Note: the KitchenSink module is a compatibility module mostly generated from my blog-generator, which let me have some up-to-date “news-from-the-blog” section in an app.

The presence of MonadAff in Halogen handlers is what contrasts the most with Elm. While in Elm, we would handle every request state change as a top-level action. PureScript helpfully takes care of turning the following code as asynchronous spaghetti for us. MonadAff would even allows us to trivial have more information inside the scope of loadKitchenSinkArticles if needed. In React, users resort to fetching libraries like SWR because other orthogonal concerns are non trivial in web-applications: we may need to reload a piece of information for a same entity many times across the lifecycle of an application.

Historical data types

Remote is a generally useful type. While iterating in my web-apps, I’ve come to the realization that web applications also need a few types to represent how we historize information.

Thanks to the ECS system with Seqnums, we naturally get an historical set of information about entities. Let’s say we have an application that needs to fetch Items with an image, a price, a currency and so on. We could store them by representing as entities the items in memory. Given that the data is remote, we will likely use a Remote ItemInfo somewhere. If we nest this Remote data type in an object having a Seqnum, it becomes natural to store multiple data-fetches for a same itemId.


type ItemInfo =
  { itemId :: UUID "item"
  , imageUrl :: Url
  , price :: Int
  , price_currency :: Currency
  ...
  }

type ItemFetchedData =
  { seqnum :: Seqnum "item-data-fetch"
  , itemId :: UUID "item"
  , info :: Remote ItemInfo
  }

type State =
  { entities ::
    { fetchedItems :: List ItemFetchedData
    }
  }

The entities.fetchedItems field of the State can thus represent an history of fetched data. We can use this history to perform any number of “summaries” via some form of Folding technique when consuming the State object (in views or in handlers).

A typical and familiar “summary” is to pick the latest item.

latestItem :: ItemId -> State -> Maybe (Remote ItemInfo)
latestItem id state =
  List.find (\item -> item.itemId == id) state.entities.fetchedItems

This function will pick the latest Remote ItemInfo, however this means loading the latest-known data item as soon as we reload it. Sometimes we want to keep the knowledge of the fact that an item is outdated. A typical sum-type I use is Historical, which helps encoding the fact that a piece of information has been never seen, is outdated (e.g., because we are reloading it or resynchronizing it), or is expected to be the current last known state.

data Historical a
  = UnheardOf
  | Outdated a
  | Current a

We can then lookup a Historical ItemInfo by extracting an ItemInfo from the first non-loading, non-errored Remote, with a distinction whether a more-recent Loading one exists.

In general, adding these utilitarian data types significantly reduces the risk of bugs and the risk of quirks in applications with multiple rendered sub-components.

Some care is required, however, to ensure that when picking a value among a series of Remote ItemInfo we pick the relevant value. Most often, we want to display the latest requested item, however some re-ordering can occur when asking two data-versions concurrently: some re-ordering can occur.

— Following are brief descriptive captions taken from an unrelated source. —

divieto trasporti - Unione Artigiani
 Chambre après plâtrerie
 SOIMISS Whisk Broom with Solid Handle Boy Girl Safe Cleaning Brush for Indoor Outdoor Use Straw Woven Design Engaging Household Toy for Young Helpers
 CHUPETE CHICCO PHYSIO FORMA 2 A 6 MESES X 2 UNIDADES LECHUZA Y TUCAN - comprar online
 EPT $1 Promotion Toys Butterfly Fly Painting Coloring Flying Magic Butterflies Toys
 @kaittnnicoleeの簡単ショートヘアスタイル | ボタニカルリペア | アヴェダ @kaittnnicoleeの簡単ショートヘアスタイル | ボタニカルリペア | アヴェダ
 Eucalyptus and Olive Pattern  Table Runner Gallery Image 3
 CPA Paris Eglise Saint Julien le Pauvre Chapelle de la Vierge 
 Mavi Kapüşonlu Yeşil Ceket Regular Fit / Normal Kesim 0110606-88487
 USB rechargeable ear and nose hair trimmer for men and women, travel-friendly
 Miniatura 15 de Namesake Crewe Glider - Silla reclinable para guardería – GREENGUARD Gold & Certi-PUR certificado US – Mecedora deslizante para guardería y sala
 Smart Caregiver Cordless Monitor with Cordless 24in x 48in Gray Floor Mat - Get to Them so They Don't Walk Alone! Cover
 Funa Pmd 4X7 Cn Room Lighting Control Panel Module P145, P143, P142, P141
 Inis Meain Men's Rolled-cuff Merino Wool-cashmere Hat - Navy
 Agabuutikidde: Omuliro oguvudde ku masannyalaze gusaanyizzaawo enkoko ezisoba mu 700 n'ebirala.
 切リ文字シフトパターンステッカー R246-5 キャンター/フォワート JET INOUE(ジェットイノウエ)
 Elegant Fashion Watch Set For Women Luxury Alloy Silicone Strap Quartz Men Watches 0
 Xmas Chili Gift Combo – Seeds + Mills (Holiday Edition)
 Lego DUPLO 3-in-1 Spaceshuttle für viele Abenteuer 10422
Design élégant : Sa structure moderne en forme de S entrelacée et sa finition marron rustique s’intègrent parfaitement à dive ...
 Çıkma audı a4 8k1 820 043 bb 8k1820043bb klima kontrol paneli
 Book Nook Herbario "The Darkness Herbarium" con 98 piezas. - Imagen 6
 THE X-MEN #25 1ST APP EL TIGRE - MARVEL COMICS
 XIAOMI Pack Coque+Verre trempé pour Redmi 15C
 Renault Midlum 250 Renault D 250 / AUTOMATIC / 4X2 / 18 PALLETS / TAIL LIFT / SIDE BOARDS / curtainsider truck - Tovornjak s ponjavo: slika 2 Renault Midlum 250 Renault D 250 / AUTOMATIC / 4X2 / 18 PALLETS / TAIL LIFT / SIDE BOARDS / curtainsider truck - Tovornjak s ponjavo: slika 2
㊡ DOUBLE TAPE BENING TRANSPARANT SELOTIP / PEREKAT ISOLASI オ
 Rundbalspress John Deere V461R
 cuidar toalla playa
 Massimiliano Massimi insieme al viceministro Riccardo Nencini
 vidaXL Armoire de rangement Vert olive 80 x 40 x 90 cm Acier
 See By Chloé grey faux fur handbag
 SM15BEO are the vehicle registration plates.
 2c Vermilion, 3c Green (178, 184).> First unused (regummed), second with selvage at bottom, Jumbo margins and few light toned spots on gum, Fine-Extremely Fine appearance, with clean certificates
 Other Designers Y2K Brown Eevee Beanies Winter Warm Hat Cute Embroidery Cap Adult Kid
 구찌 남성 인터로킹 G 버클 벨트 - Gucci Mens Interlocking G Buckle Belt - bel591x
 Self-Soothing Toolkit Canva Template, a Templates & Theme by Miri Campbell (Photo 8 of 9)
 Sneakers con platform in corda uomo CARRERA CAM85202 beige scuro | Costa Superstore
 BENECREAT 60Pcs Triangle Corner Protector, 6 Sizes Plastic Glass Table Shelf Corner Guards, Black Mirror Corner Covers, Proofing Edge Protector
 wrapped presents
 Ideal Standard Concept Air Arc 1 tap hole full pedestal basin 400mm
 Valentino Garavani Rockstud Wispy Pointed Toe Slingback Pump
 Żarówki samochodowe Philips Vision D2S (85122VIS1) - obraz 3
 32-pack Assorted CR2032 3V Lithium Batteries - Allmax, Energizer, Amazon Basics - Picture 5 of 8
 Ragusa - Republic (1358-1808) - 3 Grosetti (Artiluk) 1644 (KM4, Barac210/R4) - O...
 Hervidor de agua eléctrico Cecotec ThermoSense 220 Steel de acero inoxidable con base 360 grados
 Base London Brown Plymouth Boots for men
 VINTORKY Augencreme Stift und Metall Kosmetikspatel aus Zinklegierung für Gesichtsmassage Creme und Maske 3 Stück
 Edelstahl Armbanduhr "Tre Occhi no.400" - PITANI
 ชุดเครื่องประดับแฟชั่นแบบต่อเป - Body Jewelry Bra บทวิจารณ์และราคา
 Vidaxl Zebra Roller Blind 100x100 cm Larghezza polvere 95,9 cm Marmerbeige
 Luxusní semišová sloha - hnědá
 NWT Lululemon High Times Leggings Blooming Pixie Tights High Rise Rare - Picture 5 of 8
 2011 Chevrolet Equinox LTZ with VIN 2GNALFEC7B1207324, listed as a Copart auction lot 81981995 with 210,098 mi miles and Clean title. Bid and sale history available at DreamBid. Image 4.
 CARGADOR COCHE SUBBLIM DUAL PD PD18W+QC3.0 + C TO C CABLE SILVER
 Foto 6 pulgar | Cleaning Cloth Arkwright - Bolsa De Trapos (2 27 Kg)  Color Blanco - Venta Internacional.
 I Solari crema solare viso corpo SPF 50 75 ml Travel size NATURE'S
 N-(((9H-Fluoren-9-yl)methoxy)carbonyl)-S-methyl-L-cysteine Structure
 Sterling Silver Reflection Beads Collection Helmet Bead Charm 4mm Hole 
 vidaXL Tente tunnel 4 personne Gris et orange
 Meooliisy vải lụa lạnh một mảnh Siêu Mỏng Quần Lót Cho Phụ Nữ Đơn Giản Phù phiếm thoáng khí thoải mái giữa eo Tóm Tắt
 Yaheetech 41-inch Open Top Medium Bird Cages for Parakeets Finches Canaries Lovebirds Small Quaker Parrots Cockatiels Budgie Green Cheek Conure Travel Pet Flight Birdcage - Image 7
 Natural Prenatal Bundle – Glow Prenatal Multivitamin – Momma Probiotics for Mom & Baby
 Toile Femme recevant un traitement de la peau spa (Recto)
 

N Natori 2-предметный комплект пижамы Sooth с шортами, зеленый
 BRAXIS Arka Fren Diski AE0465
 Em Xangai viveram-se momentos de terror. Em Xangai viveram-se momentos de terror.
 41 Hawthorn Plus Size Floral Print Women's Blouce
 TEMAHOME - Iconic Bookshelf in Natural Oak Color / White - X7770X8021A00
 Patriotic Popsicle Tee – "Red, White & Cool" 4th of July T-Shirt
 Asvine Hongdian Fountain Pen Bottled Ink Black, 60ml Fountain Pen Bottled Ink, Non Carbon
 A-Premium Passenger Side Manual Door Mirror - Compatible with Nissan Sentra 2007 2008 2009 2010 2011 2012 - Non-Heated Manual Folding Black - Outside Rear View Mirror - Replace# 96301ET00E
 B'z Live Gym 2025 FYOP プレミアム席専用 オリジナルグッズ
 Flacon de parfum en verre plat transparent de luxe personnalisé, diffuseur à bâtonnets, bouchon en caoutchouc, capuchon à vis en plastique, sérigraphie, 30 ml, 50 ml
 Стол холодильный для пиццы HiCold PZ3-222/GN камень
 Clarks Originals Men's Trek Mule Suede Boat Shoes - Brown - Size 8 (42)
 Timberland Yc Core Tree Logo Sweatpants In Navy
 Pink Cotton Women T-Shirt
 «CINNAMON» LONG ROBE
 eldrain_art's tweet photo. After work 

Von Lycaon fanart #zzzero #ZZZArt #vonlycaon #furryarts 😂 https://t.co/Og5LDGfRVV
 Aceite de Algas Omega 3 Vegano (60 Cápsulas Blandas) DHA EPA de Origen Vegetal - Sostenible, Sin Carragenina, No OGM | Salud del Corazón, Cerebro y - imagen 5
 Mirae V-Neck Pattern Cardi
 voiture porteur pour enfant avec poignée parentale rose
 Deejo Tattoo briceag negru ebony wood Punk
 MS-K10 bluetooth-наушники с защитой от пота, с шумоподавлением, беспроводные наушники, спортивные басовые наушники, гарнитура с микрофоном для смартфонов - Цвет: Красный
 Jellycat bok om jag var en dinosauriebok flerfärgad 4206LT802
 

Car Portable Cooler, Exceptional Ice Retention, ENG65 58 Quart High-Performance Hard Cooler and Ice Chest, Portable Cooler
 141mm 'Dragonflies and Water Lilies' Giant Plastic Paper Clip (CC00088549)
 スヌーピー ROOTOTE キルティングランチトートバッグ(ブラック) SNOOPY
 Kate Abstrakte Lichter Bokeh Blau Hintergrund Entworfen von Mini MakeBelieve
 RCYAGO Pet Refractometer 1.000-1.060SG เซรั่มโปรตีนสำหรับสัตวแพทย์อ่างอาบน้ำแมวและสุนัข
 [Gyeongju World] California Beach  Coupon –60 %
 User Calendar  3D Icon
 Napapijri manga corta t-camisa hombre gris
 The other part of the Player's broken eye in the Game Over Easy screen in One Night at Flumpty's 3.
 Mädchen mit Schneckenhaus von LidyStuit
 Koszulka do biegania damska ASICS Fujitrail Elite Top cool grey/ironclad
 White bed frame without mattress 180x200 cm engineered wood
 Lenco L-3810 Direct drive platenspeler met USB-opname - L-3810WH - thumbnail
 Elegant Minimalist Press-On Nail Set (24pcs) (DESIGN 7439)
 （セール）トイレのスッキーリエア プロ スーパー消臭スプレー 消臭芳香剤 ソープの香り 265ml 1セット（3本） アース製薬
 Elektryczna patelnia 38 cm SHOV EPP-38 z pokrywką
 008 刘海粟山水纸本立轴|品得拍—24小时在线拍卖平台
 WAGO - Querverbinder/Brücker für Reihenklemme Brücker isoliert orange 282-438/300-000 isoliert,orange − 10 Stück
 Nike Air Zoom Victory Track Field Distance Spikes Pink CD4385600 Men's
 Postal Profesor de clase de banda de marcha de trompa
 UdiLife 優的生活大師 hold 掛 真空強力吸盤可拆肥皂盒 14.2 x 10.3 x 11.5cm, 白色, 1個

It’s best to add some tests to ensure that your State-update functions do what you want. But in short, if you do not store hundreds of fetchedItems at once, you can keep appending fetchedItems as items are requested.: (i.e., the left-most items in the array represent the latest-requested version). You can then decide to keep or drop some Remote ItemInfo on a per-item-id basis.

Let’s present three obvious viewpoints.

  • (somewhat common) decide to keep every transitions of what happend, use only append, which mean deferring to the readers (at Fold-time) what to do with the history
  • (prevalent mode) decide to keep the data in the requested order: use map modifying only the matching item
  • (less common) decide to keep the data in the response order: use append in the filtered to replace all fetchedItems

The picture below illustrates these viewpoints in case of event re-ordering. For each viewpoint we play a same scenario showing a same sequence of events and starting from the same state. Say we have a store of Remoted items, we got a version b and a version a (older) of the item. Our application requested in a short time span, two updates to the same item (update c then update d, in this order), hence we are currently fetching the two versions c and d (first row). Now let’s imagine the answer for d arrives (second row) before the answer for c (third row). Then by applying a function based on the viewpoint, you’ll get different fetchedItems at each step.

three situation displayed

In bold, we pinpoint which is the item corresponding to the first Remote ItemInfo in the array of fetchedItems. Most often, you’ll want to display the d value, but sometimes other viewpoints are useful. From experience, it is also very often the case that, having an history is beneficial. Alas, the implementation for the viewpoint “pick the latest requested value” is the least natural think about. Using a fetching library will do “the right thing” for a single viewpoint, with the downside that they could be of little help for other viewpoints.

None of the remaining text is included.